Your group is bound to the designs of an ancient being of tremendous power and influence. You might serve as the creature’s eyes and ears in the world, carrying information back to it. Or perhaps you work as its direct agents, enacting its will. Whether you chose this arrangement or were tricked into it, you can count on the strange resources of your benefactor as long as you serve its purpose.
Types of Ancient Beings
From brooding dragons to unfathomable voices whispering from the dark, ancient beings guide and empower mortals for inscrutable reasons. The relationship your group has to its patron might be a clearly defined exchange, or it could be uncertain or forceful. Whatever the nature of the being, as long as your group fulfills its role, the being offers rewards.

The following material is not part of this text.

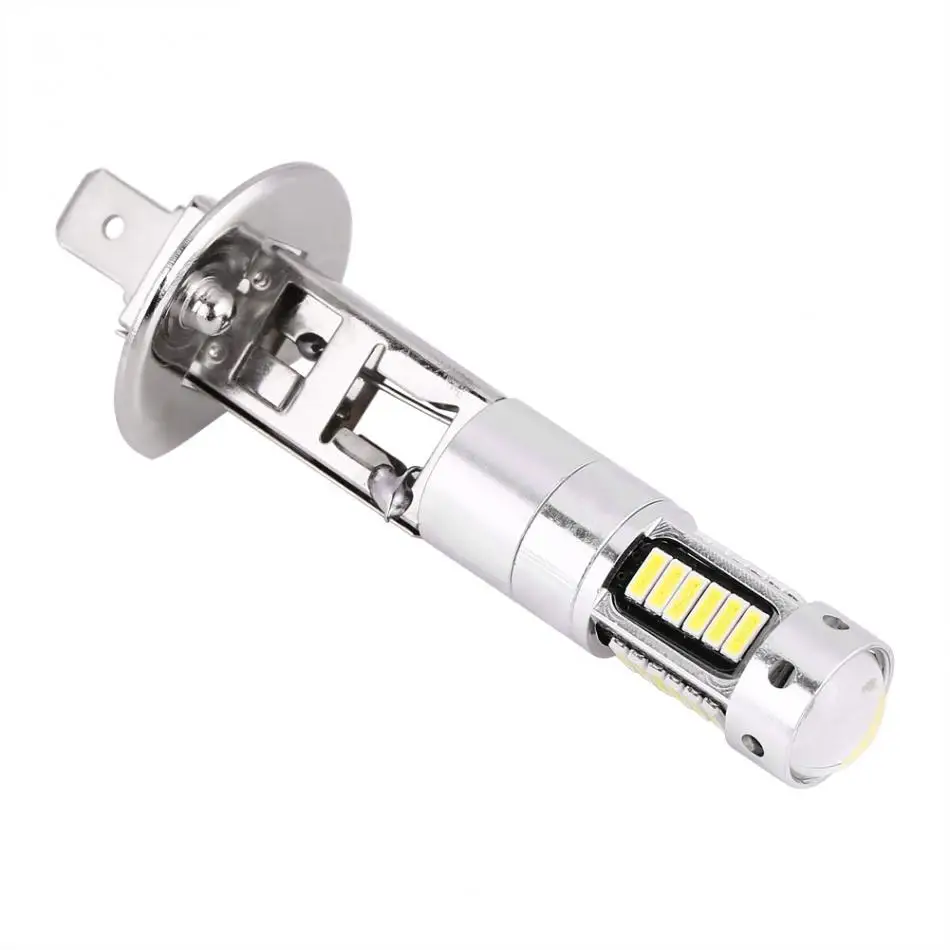 1 пара H1 светильник 12V H1 4014 30SMD светодиодный Белый Автомобильный светильник 6500K лампы для автомобиля-Стайлинг белая лампа для вождения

Roll or pick from the Ancient Being table to determine the being your group serves.
Ancient Being Perks
With the ancient being as your group’s patron, you gain the following perks.
Equipment
Your patron’s network has access to certain magic items. You can purchase common magic items from your patron contact. The DM determines the available stock or can call for a group Intelligence (Investigation) check to ascertain if the ancient being’s network can successfully locate a desired item. The DC for this check is 10 in a city, 15 in a town, and 20 in a village. If the check fails, 1d8
days must pass before the same item can be searched for again in that community.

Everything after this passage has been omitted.